[Task prompt]
Would you transcribe the listing that follows, character for character, and omit its images?

[Given information]
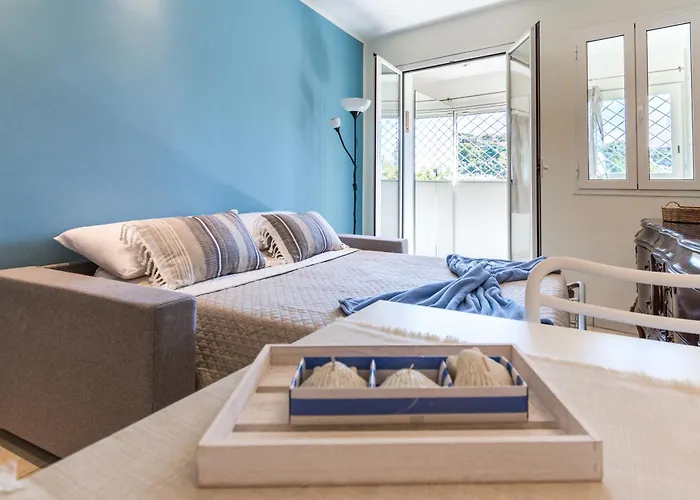 Stupendo Trilocale Posto Auto Gratuito - Wifi & Netflix 圣雷默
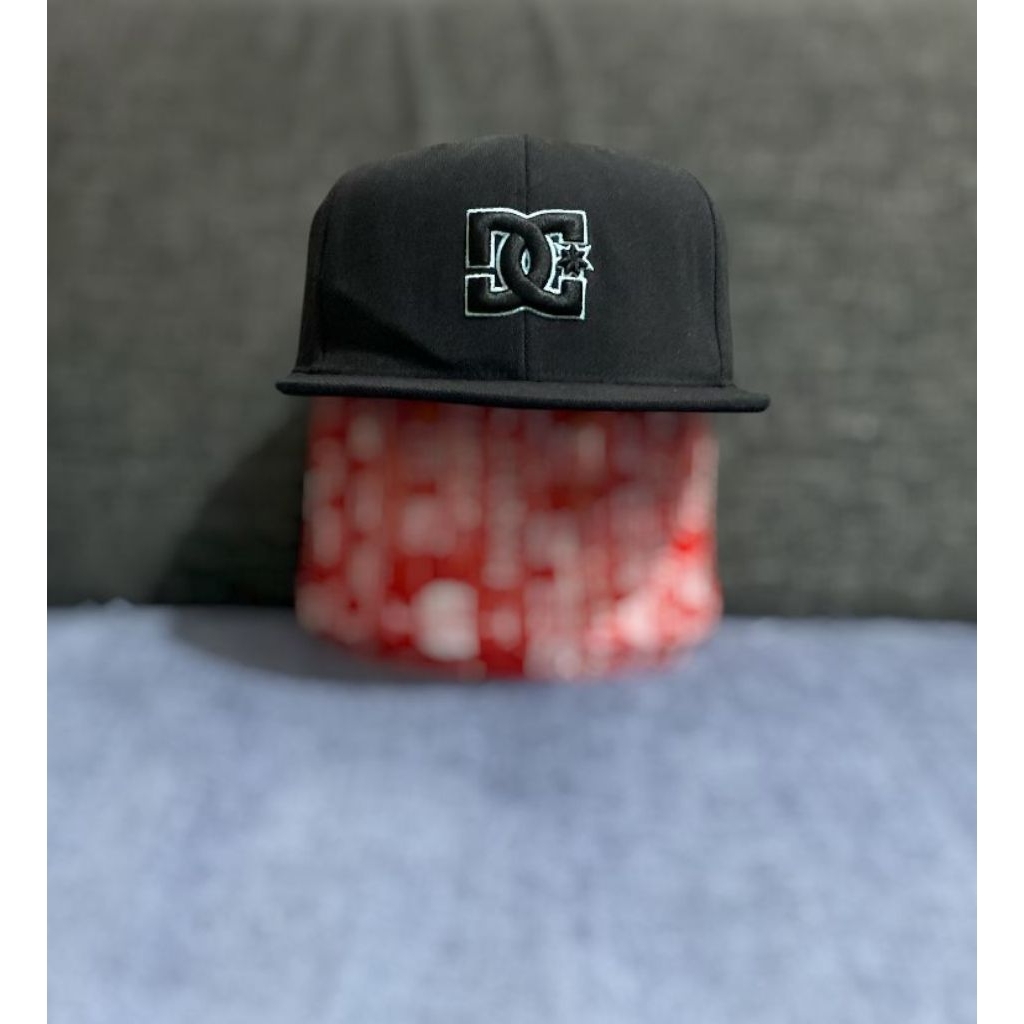 Topi DC Shoes Original 210 Fitted by Flexfit Black - Size L/XL Second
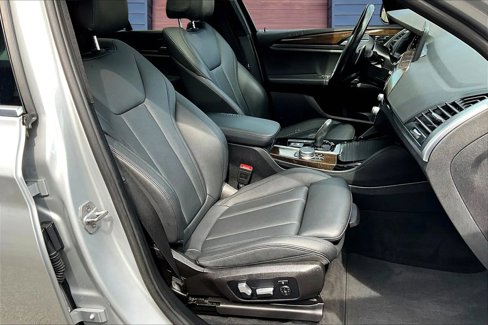 Used 2019 BMW X4 xDrive30i image 7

[Response to this task]
 Stupendo Trilocale Posto Auto Gratuito - Wifi & Netflix 圣雷默
 Topi DC Shoes Original 210 Fitted by Flexfit Black - Size L/XL Second
 Used 2019 BMW X4 xDrive30i image 7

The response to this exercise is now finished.